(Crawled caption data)
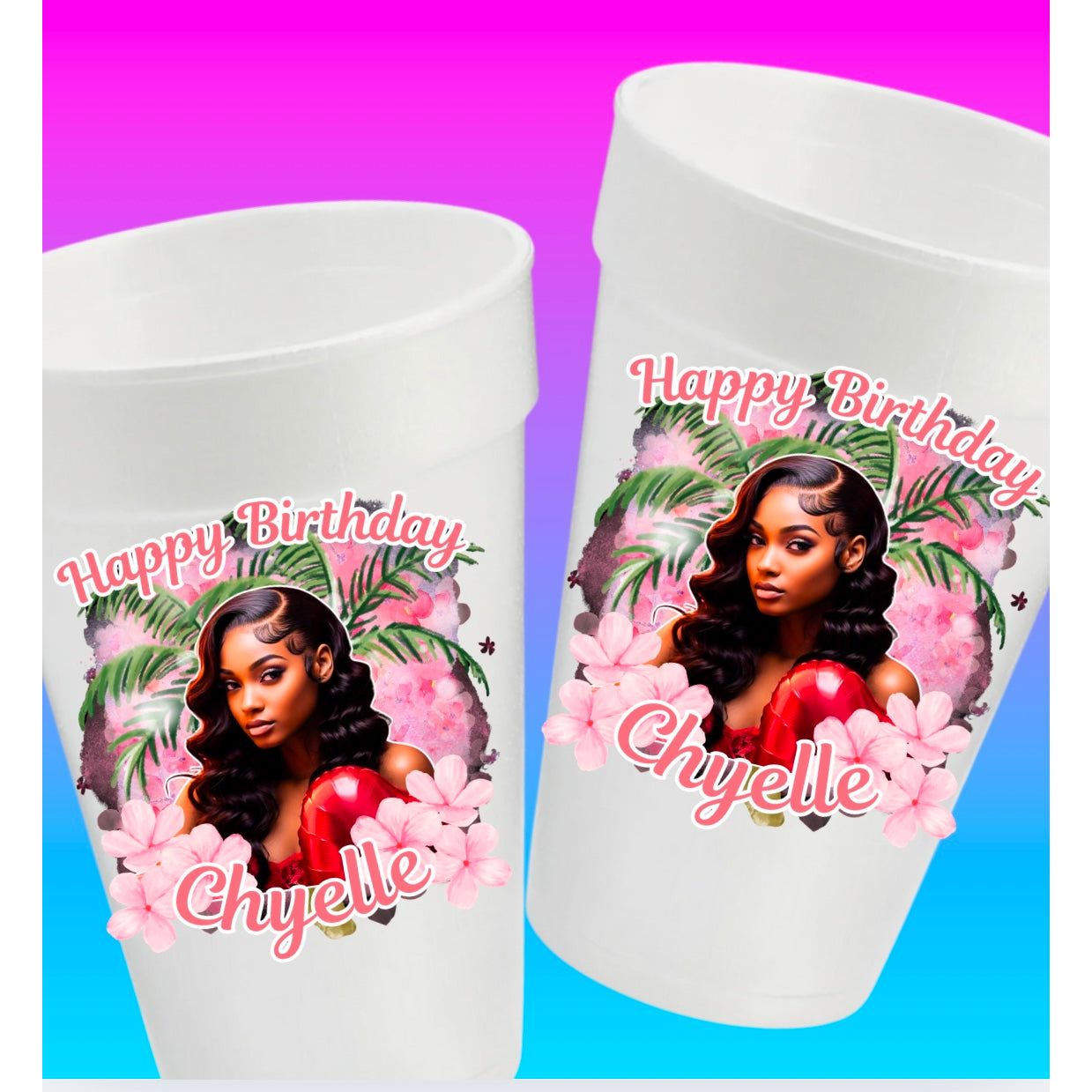 Pretty Girl Party Cups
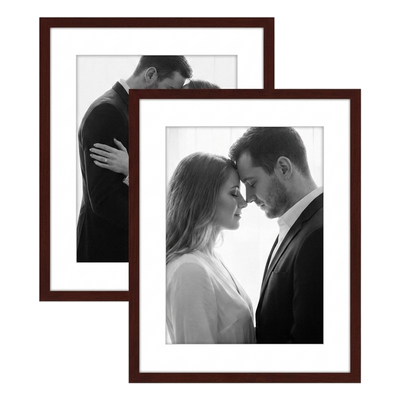 Galleria Matted Picture Frame — 16x20 with 12x16 mat / Brown / 2 Pack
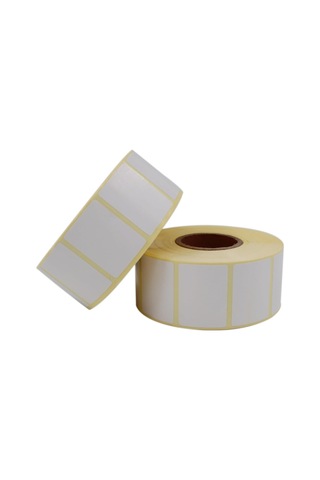 Kuşe Etiket 40mm X 30mm Ruloda 1500x2 Adet 2 Rulo 40mm Kuka Çapında Baskısız Barkod Yazıcı Etiketi Diğer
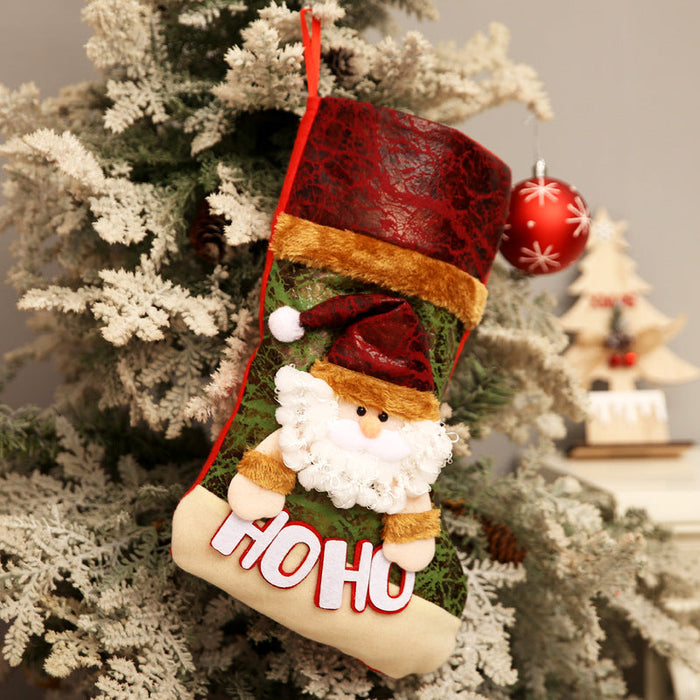 Wholesale Cloth Christmas Stocking Decoration Gift Bag Pendant JDC-SK-FA001 韵发 A Wholesale Jewelry JoyasDeChina Joyas De China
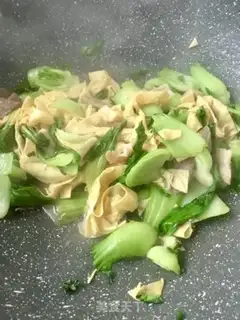 Make Scrambled bean skin step 13
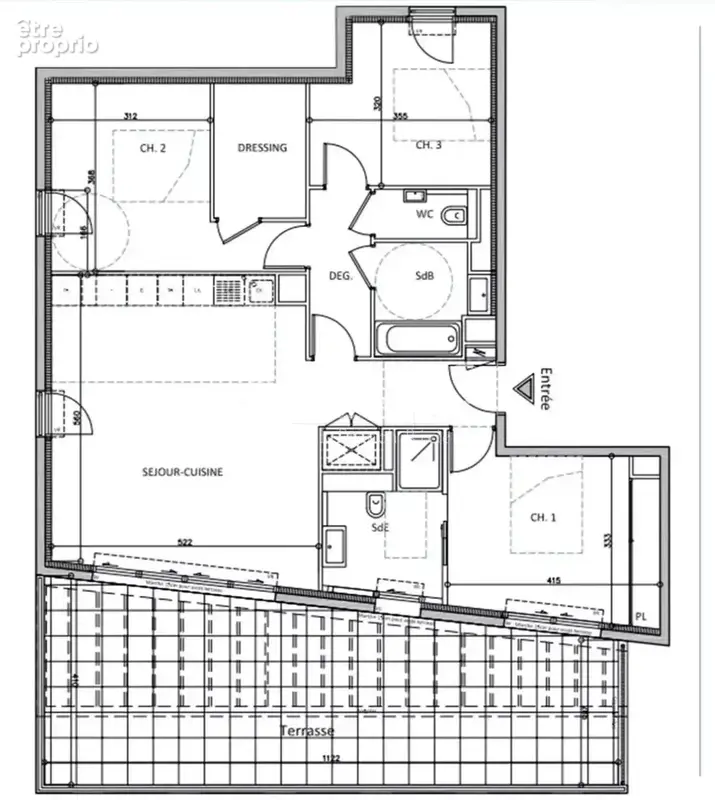 Résidence neuve  Cap D'Ail – Appartement 4 pièces dernier étage avec grande terrasse - photo 2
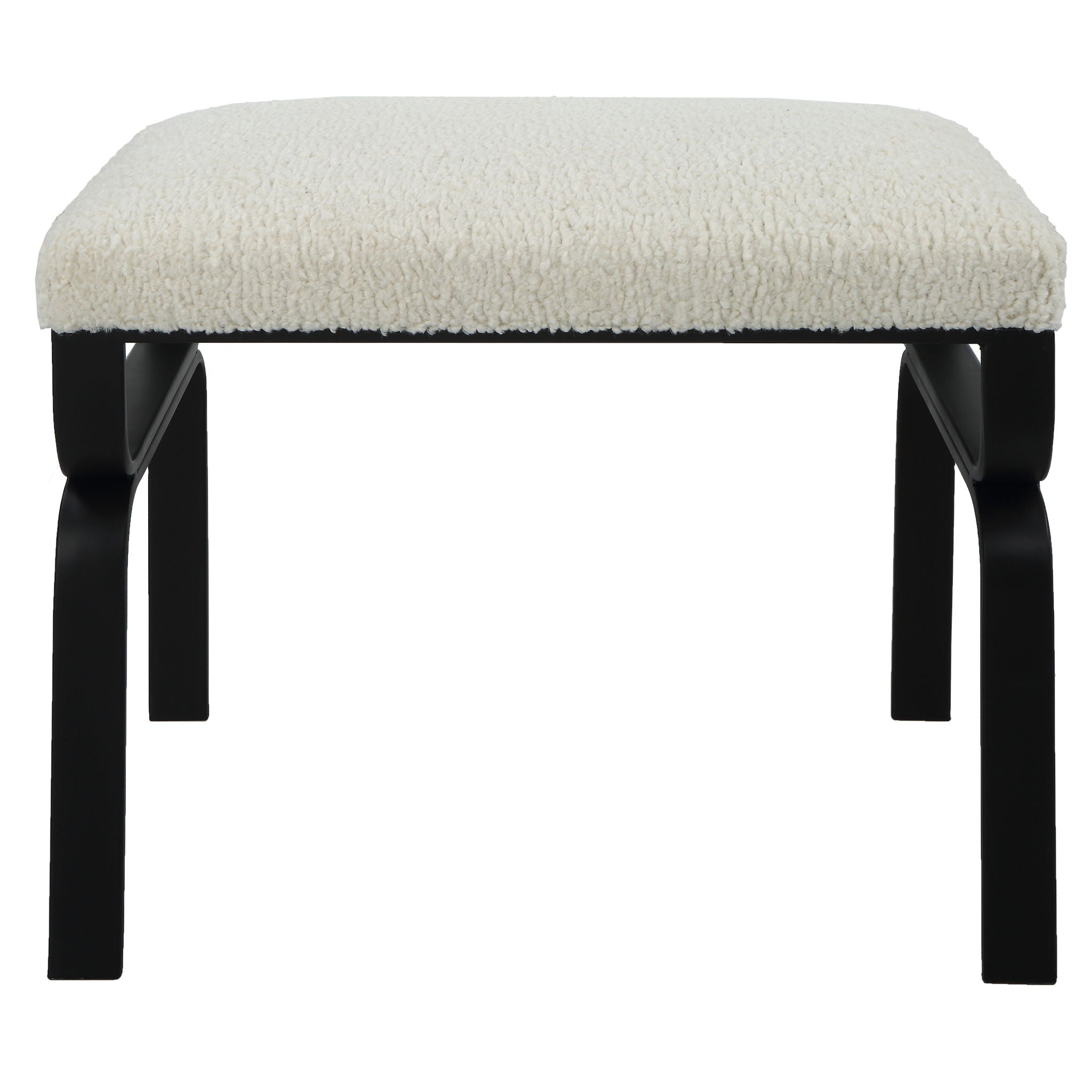Diverge – White Shearling Small Bench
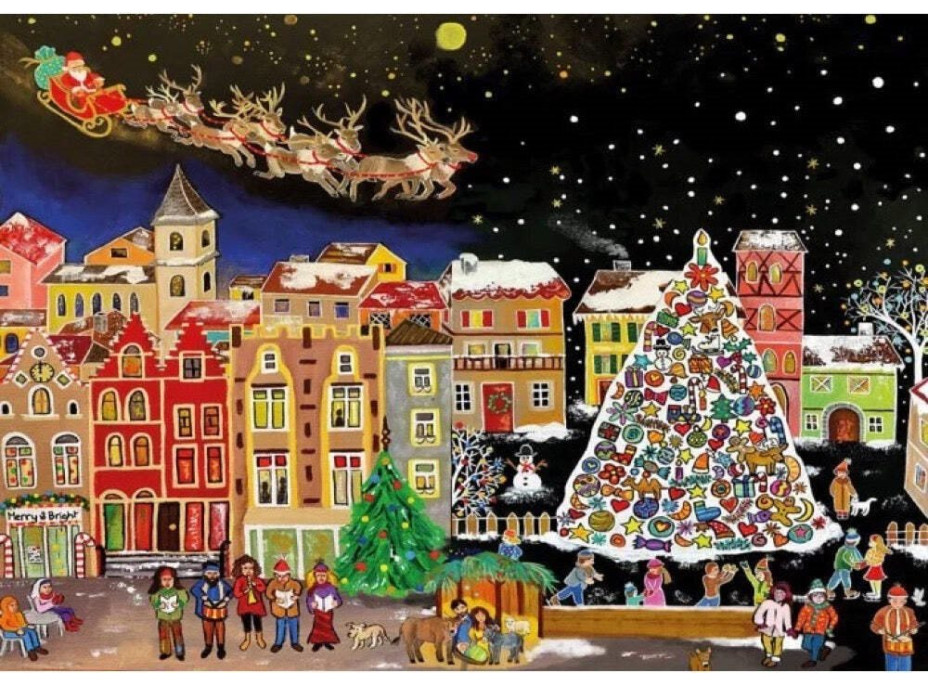 MAGNOLIA Puzzle Vianočný čas 1000 dielikov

Assignment => Restate word for word, and only, the lines from the line that contains "Make Scrambled bean skin step 13" through the end of the data, both included; pictures are not part of the copy.

The answer =>
 Make Scrambled bean skin step 13
 Résidence neuve  Cap D'Ail – Appartement 4 pièces dernier étage avec grande terrasse - photo 2
Diverge – White Shearling Small Bench
 MAGNOLIA Puzzle Vianočný čas 1000 dielikov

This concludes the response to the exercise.